Christophe Colomb possédait un ouvrage du XIVe siècle du cardinal français d’Ailly, l’Imago mundi, dans une version imprimée en 1480 contenant les preuves apportées par les Anciens de la sphéricité de la Terre, notamment celle du chapitre XIV du livre II du Traité du Ciel d’Aristote, soit au IVe siècle avant J.-C. Dans ce texte d’Aristote se trouve mentionnée la thèse selon laquelle il y a une seule mer de l’Afrique aux Indes. Il avait aussi connaissance des mesures du méridien terrestre effectuées par Eratosthène au IIe siècle avant J.-C. Car dès l’antiquité, on savait que la Terre était ronde.
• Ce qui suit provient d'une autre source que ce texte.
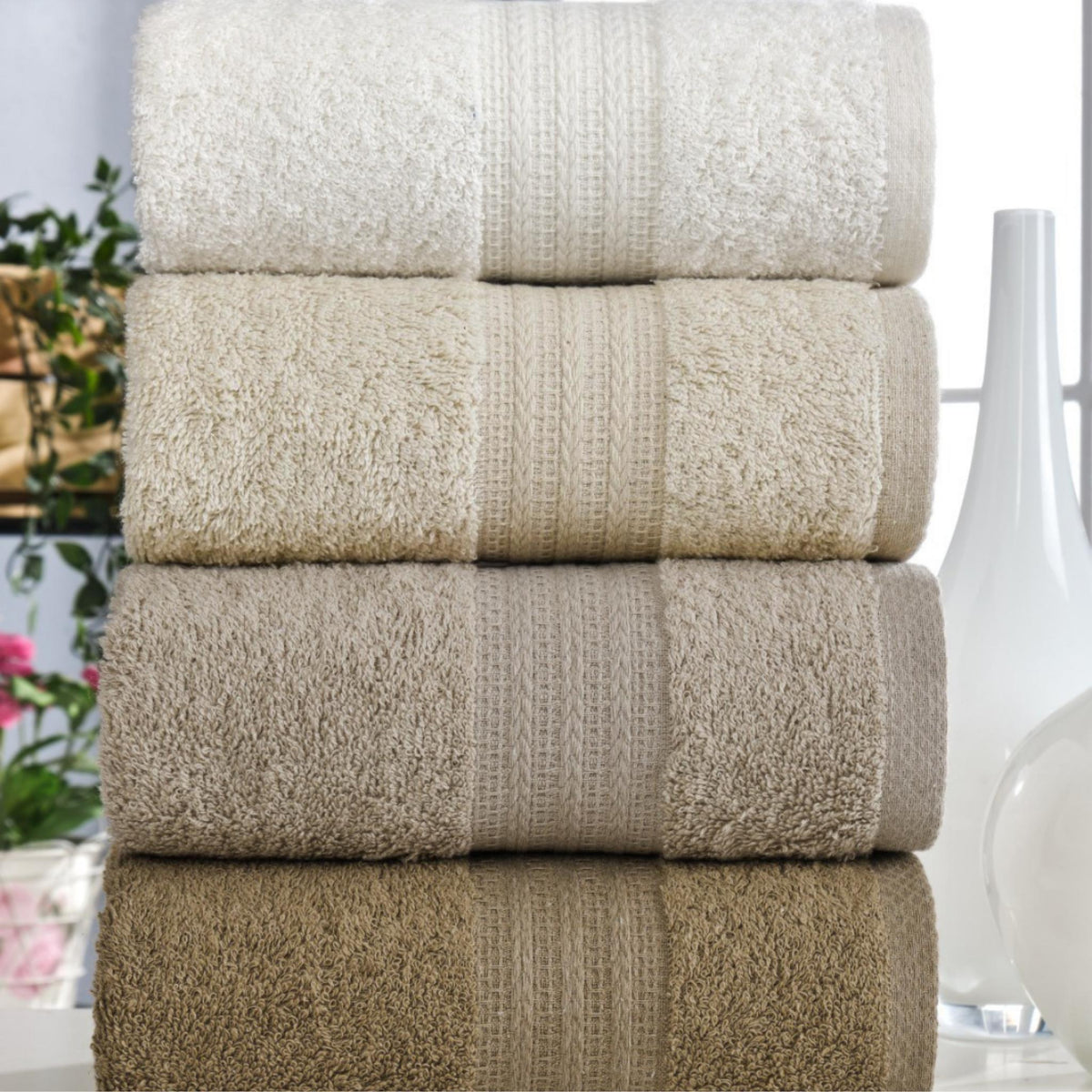 HELDENA Handtuch-Set Kaffeebraun 4er – Baumwolle, 50×85 cm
La thèse de la terre plate est celle de Thalès (VIIe-VIe siècle avant J.-C.), et c’était un progrès, car Thalès rompait avec les représentations mythiques, telles qu’on les trouve chez Hésiode (VIIIe-VIIe siècle avant J.-C.), d’une déesse Terre (Gaia) qui occupait le bas de l’univers et qui avait des racines. Sa représentation était celle d’un disque plat posé sur l’eau. Les mouvements de l’eau expliquaient selon lui les tremblements de terre. Cette conception relative à la forme de la Terre s’est perpétuée parallèlement aux connaissances plus modernes jusqu’à l’antiquité tardive. 
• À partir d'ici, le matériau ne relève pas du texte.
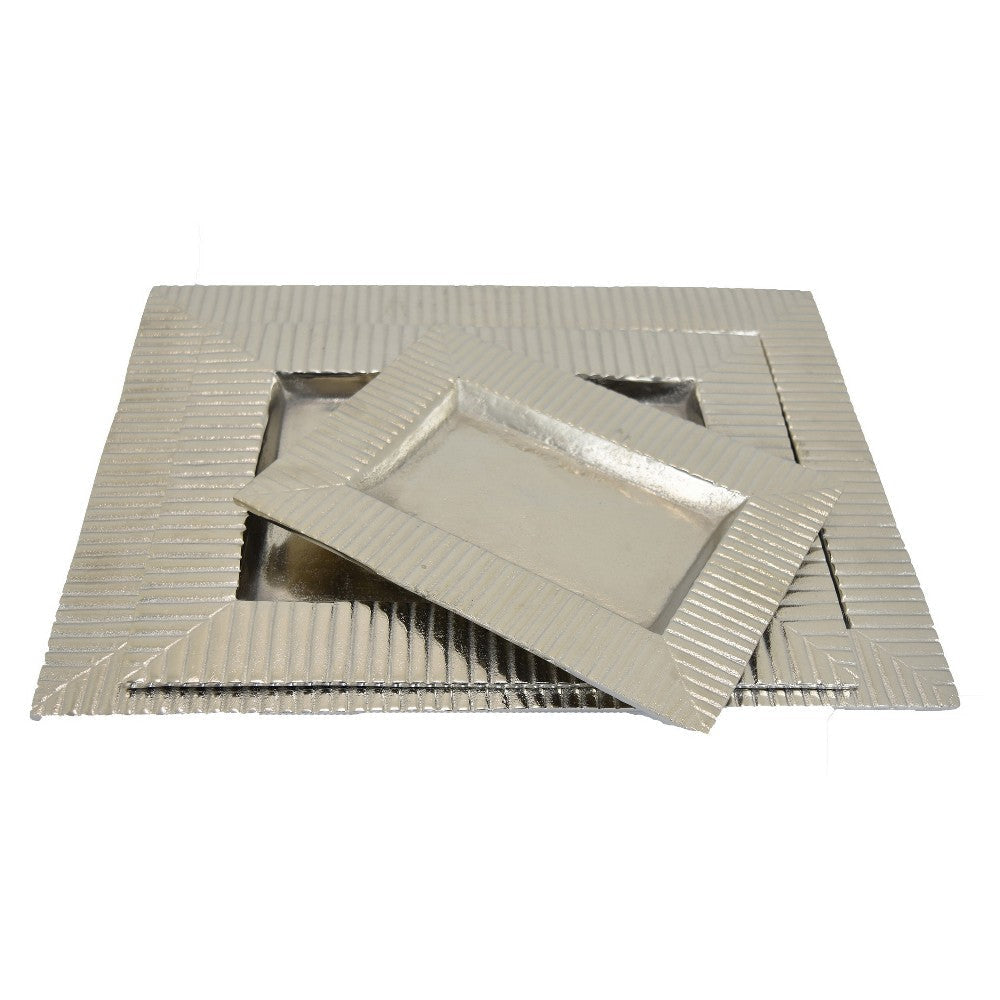 Nancy Tray Set of 3, Wavy Edges, Silver Metal Frames, Rectangular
Aristote avait même montré que chaque fois qu’il y avait une éclipse de Lune, la forme réfléchie était toujours courbe et que l’ombre n’est pas la même lorsqu’on se déplace du nord au sud : la différence ne s’explique que si la Terre est sphérique. Les marins savaient aussi que lorsqu’un bateau arrivait à l’horizon, on commençait à voir le mât avant la proue, ou à l’inverse, que lorsque les bateaux s’éloignent, le mât disparaissait en dernier.

Aristarque de Samos ( 310- 230 av. J.-C.), lui, avait proposé une méthode correcte pour mesurer les distances entre la Lune et la Terre, et entre la Terre et le Soleil, mais il avait aussi proposé l’idée selon laquelle c’est la terre qui tourne autour du Soleil et non l’inverse.
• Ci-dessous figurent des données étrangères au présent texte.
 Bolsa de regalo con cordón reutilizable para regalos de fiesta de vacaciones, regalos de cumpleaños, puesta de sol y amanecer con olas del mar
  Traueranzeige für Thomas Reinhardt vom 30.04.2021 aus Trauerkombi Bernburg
 Avec le christianisme, les choses se compliquent. Certains religieux acceptaient sans difficultés les données de l’astronomie antique, mais une opposition qui s’appuyait sur une lecture littérale de la bible existait également. Par exemple, Lactance ( 260- 325), huit siècles après Aristote, soutenait que la Terre était plate, arguant notamment "qu’il est insensé de croire qu’il existe des lieux où les choses puissent être suspendues de bas en haut" (Institutions divines). Un moine byzantin du VIe siècle, Cosmas d’Alexandrie, dans sa Topographia Christiana, affirmait que la Terre était terminée par des murailles derrière lesquelles le Soleil se couchait.

Pourtant, la plupart des savants (c’est-à-dire des théologiens) du Moyen-Age, admettait une Terre ronde. Dans ses Etymologies, Isidore de Séville ( 530- 636) compare la Terre à une balle, et, dans don Image du monde, au XIIIe siècle, Gossuin de Metz la compare à une pelote.

Et c’est la redécouverte de la philosophie et de la science antique à la renaissance, notamment par l’intermédiaire des arabo-musulmans qui a validé la représentation d’une Terre ronde au centre d’un univers lui-même sphérique.

C’est cette représentation qui fut ébranlée par Copernic (1473-1543), qui a repris l’hypothèse héliocentrique, et convaincu Galilée qui jura sur la Bible que la Terre était au centre de l’univers pour sauver sa peau.

Les moines étaient bien détenteurs de savoirs issus de courants contradictoires, ce qui n’a rien d’ésotérique. Le seul dogme imposé par l’église n’était pas la « platitude » de la terre, mais sa position centrale dans le cosmos.